2016 steht im Zeichen der Flüchtlingskrise und die Veranstalter der glamourösen Berliner "Cinema for Peace"-Spendengala buchen Khebez Dawle als Live-Band. Doch auf ein deutsches Visum wartet Bashar vergeblich, so nimmt er den gleichen Weg wie seine Bandkollegen zuvor: Mit dem Schlauchboot, über die Balkanroute, pünktlich zur Gala erreicht er Berlin.
Kampf der Bilder
Als Bashar am 15. Februar die Stufen zum Konzerthaus am Gendarmenmarkt hochgeht, sind die klassizistischen Säulen mit zweitausend Rettungswesten aus Lesbos verkleidet. Eine Installation des chinesischen Künstlers Ai Weiwei. Ein böses Déjà-vu.
"Aus seiner Perspektive ist es Kunst, eine Botschaft, dass etwas passiert. Aber für andere kann es ein Albtraum sein, die Rettungsweste wieder zu sehen. Ich habe es gehasst, dass Leute Selfies geschossen haben, es ist furchtbar, wenn man die Gefahr selbst erlebt hat. Die ganzen extravaganten Leute, die nur darauf gewartet haben, zu sprechen und von der Kamera gesehen zu werden - das war so lächerlich."

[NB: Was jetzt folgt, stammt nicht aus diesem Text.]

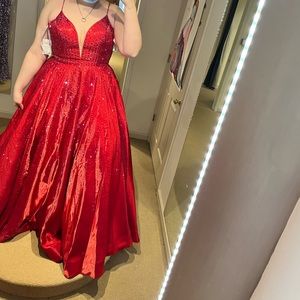 Red iridescent, bejeweled 2022 Prom Dress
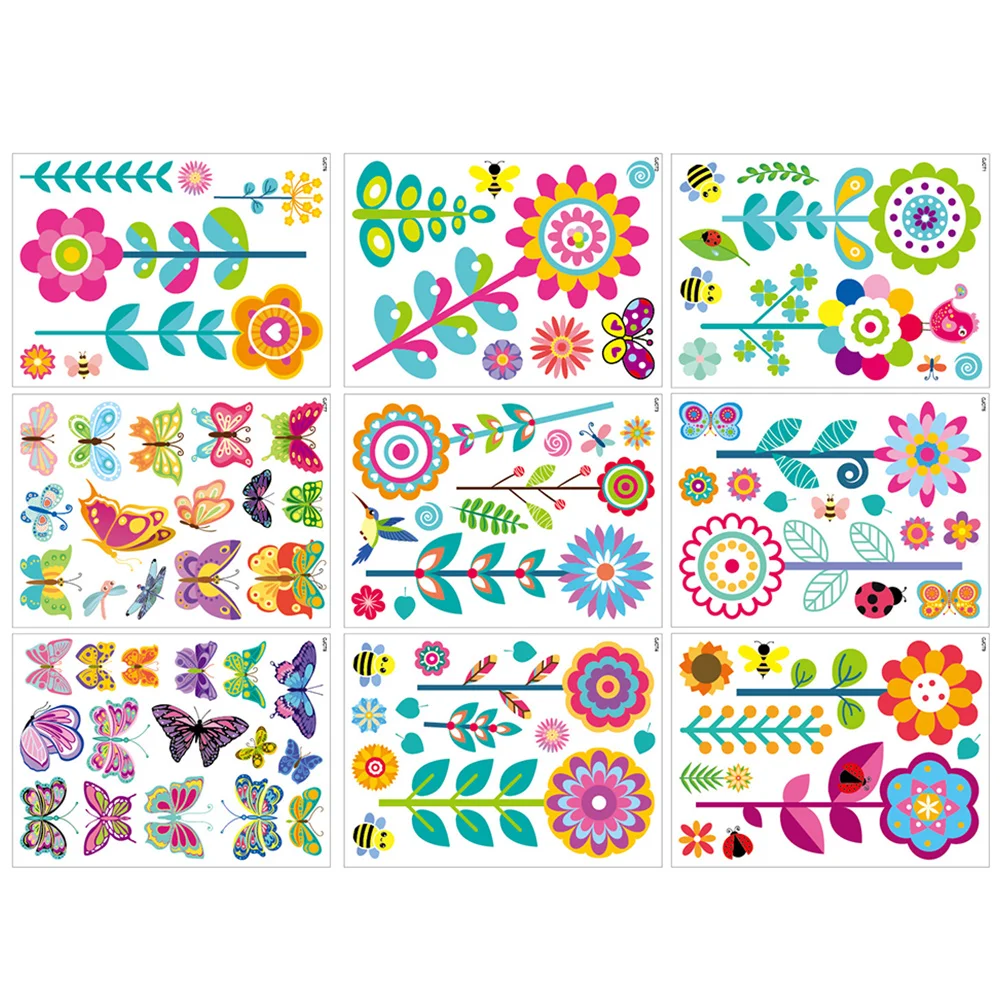 

9 листов оконные наклейки декоративные весенние зеленые листья для детской комнаты стеклянные окна наклейки против столкновений декоратив...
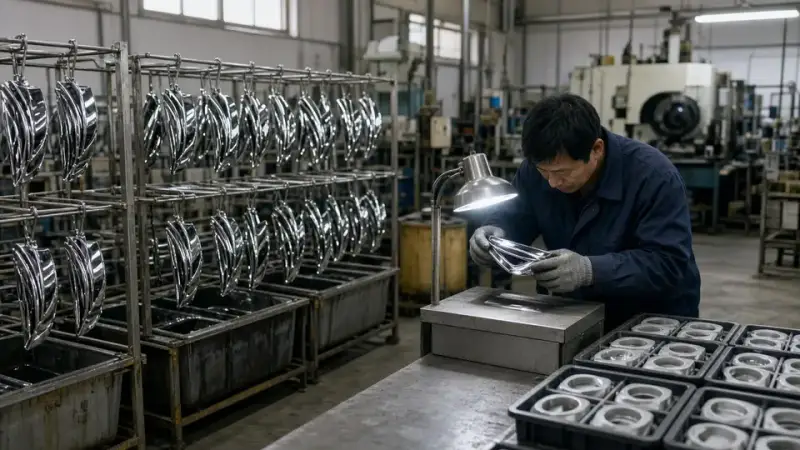 Factory plating line and inspection of chrome automotive emblems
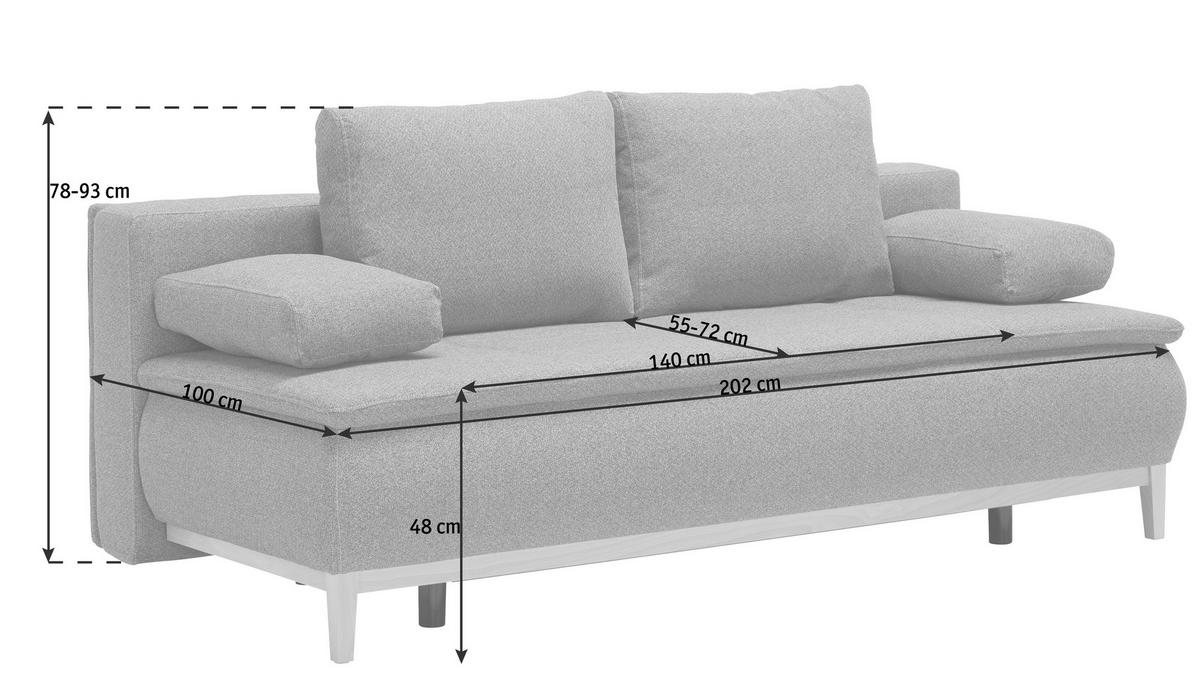 BOXSPRINGSOFA in Webstoff Grau  - Eichefarben/Beige, Design, Holz/Textil (202/78/93/100cm) - Venda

Kampf der Bilder. Ai Weiweis Kunstaktion mit Rettungsdecken geht selbst den Reportern der BILD-Zeitung zu weit, die für die Spendengala akkreditiert sind. Auf YouTube landet ein Handyvideo:
"Geschmacklose Aktion bei der 'Cinema For Peace'-Gala in Berlin. In Kälteschutzdecken gehüllt saßen hier Promis wie Hollywood-Star Charlize Theron am Montagabend im Konzerthaus. Die syrische Band auf der Bühne geht im Selfie-Geknipse der Stars völlig unter."
Die Leute tanzen, als würde ihnen das Herz zerspringen
Ignoranz statt Anerkennung. Am Ende liegt eine zertrümmerte Gitarre auf der Bühne, der Sicherheitsdienst wird Backstage gerufen. Die Jungs von Khebez Dawle wollen über diese Episode zunächst nichts ins Mikro sagen. Schließlich fasst der Bassist Bazz zusammen:
"Seit dem Konzert bis heute haben wir nicht darüber gesprochen. Weißt du, wenn du draußen wartest und Musik spielen willst und du siehst diese Leute in Rettungswesten und sie trinken Champagner und du weißt, dass diese Weste einmal dein Leben gerettet hat und du kennst diesen Trip und die Leute, die das Meer überqueren, das fühlt sich wirklich schräg an."
Ein paar Wochen später. Gleiche Band, anderer Ort. Unter dem Motto "Flüchtlinge Willkommen" spielen Khebez Dawle im legendären SO36 in Kreuzberg. Vor einem dichtgedrängten Publikum, das größtenteils wie die Musiker selbst aus Syrien kommt. Als sich Khebez Dawle völlig von ihren Songs lösen und minutenlang frei improvisieren, tanzen die Leute, als würde ihnen das Herz zerspringen.
Khebez Dawle. Sie profitieren von ihrem Ruf als Berliner "Flüchtlingsband". Doch wollen sie das eigentlich sein? Ich frage Hekmat, den Gitarristen:
"Seit wir in Europa angefangen haben, heißt es: 'Es ist eine Flüchtlingsband!' Irgendwie kann ich das nicht akzeptieren, weil wir schon Musiker waren, bevor wir Flüchtlinge geworden sind. Der Name drückt dir ein Label auf, das du nicht wirklich bist. Musiker sind Musiker."